Try it.
Copy the records below verbatim, from the first line through the line containing "Mini sac cartable", inclusive, and output nothing else.

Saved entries
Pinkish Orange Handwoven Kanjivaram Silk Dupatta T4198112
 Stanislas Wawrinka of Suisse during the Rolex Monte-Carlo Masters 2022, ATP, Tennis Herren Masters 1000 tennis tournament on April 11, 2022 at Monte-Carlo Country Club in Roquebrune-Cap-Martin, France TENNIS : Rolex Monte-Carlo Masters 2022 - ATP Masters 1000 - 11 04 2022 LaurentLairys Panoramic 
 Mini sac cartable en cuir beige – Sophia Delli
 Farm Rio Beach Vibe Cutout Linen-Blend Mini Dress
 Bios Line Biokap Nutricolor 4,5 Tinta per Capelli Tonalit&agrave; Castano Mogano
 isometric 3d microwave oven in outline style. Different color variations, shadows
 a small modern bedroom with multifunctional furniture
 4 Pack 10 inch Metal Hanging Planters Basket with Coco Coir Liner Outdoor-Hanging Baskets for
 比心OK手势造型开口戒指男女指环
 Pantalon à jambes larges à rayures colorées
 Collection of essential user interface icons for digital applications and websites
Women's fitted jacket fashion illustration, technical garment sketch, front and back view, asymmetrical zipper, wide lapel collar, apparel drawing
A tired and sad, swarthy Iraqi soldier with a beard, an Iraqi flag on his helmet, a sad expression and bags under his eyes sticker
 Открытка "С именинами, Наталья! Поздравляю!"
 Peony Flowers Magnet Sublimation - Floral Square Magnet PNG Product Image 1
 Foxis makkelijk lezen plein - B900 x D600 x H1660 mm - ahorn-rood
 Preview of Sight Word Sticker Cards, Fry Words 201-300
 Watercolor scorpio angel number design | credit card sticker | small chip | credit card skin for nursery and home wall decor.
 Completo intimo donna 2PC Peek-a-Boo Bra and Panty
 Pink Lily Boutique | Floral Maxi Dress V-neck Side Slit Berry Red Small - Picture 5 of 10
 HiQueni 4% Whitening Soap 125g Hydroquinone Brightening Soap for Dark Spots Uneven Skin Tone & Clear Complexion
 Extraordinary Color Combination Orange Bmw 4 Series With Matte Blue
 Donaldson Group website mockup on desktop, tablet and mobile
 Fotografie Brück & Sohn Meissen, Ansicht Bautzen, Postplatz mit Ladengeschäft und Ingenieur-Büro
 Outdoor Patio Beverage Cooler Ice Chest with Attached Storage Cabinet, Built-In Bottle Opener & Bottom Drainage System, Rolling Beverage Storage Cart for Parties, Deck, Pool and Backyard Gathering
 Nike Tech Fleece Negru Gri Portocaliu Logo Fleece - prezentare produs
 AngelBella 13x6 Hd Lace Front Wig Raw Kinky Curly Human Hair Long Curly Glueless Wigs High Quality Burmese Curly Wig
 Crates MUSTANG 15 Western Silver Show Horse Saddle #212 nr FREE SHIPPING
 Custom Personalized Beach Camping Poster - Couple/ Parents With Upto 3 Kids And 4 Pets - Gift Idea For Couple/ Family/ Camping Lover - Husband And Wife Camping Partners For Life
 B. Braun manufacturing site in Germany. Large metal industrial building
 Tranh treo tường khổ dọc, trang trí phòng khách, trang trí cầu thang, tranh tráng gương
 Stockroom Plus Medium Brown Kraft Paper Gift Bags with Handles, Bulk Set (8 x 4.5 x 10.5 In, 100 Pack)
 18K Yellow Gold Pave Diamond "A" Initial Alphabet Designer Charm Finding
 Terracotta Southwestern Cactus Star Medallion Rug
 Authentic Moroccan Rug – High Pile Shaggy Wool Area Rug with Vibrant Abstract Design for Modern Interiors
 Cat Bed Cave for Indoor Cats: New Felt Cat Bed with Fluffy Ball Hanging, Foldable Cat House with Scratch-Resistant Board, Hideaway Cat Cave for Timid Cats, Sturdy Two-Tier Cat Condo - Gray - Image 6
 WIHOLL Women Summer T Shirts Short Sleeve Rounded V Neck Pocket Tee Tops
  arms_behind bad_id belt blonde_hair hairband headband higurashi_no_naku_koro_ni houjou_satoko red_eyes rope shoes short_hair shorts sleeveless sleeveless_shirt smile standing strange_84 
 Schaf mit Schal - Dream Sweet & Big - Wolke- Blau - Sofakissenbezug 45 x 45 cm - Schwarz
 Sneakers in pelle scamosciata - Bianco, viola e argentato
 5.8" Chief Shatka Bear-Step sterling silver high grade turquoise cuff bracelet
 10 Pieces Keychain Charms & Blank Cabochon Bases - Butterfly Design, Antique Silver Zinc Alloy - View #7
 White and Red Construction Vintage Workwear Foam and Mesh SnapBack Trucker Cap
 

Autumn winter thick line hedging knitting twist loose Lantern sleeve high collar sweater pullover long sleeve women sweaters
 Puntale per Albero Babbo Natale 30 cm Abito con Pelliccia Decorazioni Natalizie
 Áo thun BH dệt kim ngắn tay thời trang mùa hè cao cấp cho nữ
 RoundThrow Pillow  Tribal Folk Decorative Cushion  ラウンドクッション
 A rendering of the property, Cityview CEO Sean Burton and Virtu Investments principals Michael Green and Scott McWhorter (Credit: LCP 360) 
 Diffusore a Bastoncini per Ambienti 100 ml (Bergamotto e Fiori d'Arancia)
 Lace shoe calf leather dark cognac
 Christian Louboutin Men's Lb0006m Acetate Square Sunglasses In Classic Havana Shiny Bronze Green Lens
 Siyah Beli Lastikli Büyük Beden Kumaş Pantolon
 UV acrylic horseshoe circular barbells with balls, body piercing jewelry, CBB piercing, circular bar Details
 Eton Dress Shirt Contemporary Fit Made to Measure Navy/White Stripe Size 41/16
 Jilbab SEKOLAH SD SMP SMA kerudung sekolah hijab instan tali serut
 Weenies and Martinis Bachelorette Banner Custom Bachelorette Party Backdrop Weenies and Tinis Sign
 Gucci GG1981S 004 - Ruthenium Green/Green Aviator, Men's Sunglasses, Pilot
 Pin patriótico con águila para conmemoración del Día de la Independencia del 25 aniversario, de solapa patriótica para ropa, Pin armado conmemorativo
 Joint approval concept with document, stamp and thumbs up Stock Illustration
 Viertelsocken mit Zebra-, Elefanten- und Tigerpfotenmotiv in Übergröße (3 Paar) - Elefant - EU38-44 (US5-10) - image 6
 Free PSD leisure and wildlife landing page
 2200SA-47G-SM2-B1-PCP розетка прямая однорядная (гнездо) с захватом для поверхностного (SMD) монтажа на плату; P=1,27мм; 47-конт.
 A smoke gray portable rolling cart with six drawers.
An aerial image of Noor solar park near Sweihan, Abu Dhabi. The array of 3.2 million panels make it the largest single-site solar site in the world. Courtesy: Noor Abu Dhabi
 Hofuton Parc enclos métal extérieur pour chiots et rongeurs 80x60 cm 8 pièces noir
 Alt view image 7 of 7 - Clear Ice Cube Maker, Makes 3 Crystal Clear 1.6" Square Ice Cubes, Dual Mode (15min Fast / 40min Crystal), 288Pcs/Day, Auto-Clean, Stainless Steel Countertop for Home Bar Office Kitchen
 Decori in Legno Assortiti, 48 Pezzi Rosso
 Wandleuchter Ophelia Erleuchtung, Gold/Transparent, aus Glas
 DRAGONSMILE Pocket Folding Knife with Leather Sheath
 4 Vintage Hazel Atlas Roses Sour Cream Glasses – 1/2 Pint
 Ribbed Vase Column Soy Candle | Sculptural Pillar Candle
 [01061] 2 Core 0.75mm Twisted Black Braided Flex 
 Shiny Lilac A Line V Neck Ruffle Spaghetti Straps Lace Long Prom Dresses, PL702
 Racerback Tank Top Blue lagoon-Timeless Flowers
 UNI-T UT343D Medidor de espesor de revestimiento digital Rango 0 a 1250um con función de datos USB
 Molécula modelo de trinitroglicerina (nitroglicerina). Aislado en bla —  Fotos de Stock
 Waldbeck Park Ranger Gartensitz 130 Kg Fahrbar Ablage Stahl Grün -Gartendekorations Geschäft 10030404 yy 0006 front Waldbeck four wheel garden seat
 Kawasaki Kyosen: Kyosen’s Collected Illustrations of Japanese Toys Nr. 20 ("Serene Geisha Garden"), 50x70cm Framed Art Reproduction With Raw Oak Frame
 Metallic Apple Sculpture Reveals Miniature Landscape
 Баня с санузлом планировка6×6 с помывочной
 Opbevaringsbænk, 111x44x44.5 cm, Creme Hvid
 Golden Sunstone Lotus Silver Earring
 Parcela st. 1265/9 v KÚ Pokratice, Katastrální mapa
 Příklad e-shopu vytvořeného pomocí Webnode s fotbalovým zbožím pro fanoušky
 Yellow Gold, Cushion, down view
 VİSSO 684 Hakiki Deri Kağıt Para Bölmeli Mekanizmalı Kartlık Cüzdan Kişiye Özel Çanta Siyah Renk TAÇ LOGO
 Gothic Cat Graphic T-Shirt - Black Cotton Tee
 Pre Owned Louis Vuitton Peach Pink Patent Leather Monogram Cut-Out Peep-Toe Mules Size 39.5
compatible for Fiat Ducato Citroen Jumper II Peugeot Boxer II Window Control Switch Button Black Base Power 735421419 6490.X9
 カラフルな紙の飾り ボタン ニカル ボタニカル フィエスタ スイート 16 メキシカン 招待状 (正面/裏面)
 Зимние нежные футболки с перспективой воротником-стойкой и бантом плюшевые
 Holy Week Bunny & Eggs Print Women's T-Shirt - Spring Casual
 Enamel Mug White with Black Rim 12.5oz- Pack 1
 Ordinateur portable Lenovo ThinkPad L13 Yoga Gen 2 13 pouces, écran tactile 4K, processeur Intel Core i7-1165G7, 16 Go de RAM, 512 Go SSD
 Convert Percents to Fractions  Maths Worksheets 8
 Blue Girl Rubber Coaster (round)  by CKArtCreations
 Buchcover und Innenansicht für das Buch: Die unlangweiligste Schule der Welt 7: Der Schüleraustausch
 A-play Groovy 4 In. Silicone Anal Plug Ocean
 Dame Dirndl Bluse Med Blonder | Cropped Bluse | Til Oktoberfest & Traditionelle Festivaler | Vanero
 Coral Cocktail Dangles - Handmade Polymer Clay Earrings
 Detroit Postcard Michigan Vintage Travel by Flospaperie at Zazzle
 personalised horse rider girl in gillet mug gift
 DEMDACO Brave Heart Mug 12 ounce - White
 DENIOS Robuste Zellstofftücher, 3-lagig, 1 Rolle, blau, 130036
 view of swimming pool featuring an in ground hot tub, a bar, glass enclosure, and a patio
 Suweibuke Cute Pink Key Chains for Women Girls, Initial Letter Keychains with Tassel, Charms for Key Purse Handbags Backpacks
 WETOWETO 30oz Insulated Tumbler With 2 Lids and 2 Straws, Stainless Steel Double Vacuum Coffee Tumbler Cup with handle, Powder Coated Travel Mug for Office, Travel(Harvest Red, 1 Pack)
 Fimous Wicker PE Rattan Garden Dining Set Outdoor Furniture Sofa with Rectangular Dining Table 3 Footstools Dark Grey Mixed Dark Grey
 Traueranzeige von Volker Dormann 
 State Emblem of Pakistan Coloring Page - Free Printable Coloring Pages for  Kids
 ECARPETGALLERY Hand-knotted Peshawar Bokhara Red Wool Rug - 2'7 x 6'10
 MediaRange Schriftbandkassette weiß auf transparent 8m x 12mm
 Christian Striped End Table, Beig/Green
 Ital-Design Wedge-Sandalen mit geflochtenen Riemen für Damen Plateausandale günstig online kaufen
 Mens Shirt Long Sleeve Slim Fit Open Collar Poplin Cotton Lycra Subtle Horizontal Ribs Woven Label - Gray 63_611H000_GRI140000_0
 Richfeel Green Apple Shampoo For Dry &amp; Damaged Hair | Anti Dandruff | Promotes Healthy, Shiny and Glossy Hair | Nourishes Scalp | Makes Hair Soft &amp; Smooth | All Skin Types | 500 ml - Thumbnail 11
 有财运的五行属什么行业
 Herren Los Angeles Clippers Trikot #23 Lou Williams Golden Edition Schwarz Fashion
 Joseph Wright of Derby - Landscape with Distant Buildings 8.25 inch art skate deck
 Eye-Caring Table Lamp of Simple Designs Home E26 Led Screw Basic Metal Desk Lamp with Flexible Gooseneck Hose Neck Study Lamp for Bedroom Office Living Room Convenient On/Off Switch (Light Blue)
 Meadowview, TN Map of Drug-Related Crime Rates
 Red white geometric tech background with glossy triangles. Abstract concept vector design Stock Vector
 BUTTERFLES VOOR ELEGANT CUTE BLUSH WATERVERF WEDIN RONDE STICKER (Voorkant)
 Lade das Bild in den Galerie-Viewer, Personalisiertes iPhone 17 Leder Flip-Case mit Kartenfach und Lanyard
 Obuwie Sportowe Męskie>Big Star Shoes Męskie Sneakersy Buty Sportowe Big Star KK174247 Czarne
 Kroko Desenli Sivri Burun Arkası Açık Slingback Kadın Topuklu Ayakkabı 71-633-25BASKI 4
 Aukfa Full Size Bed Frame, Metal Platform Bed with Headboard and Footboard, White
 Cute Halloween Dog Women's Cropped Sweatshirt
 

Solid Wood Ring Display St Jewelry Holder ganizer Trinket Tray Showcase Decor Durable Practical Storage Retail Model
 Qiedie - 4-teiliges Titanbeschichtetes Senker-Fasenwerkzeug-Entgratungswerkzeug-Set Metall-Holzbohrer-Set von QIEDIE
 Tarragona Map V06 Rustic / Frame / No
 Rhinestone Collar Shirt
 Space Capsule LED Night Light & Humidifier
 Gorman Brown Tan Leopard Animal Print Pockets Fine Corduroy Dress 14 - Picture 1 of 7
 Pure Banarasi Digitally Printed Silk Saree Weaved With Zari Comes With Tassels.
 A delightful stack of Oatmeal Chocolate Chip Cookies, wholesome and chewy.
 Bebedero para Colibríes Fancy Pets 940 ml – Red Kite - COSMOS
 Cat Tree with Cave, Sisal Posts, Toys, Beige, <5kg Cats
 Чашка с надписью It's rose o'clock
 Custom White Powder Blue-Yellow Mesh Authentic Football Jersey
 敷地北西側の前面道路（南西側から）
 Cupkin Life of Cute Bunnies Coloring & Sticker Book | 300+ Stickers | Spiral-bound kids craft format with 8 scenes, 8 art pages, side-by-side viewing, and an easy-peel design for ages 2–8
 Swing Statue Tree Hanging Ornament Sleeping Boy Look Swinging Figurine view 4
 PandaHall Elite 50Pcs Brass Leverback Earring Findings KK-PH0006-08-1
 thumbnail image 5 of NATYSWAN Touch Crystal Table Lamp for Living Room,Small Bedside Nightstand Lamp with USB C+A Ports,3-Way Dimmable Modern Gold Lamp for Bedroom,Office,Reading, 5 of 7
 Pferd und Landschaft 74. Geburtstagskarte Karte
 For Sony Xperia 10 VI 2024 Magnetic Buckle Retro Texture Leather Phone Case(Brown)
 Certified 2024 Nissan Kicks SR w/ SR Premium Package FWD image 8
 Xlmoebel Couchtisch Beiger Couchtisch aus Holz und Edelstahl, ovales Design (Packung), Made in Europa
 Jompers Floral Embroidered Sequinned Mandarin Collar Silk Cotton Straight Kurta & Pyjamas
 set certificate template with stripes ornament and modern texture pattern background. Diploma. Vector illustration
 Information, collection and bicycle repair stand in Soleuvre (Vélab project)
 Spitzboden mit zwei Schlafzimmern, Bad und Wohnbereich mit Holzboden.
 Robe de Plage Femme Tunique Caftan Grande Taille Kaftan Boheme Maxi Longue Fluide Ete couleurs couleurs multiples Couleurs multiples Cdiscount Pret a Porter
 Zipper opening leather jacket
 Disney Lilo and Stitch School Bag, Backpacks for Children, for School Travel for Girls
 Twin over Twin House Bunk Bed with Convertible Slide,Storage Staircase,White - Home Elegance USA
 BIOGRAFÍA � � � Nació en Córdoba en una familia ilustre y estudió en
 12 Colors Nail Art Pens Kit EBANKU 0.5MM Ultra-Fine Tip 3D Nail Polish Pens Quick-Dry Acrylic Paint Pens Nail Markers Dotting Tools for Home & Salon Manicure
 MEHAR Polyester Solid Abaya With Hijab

Response area.
Pinkish Orange Handwoven Kanjivaram Silk Dupatta T4198112
 Stanislas Wawrinka of Suisse during the Rolex Monte-Carlo Masters 2022, ATP, Tennis Herren Masters 1000 tennis tournament on April 11, 2022 at Monte-Carlo Country Club in Roquebrune-Cap-Martin, France TENNIS : Rolex Monte-Carlo Masters 2022 - ATP Masters 1000 - 11 04 2022 LaurentLairys Panoramic 
 Mini sac cartable en cuir beige – Sophia Delli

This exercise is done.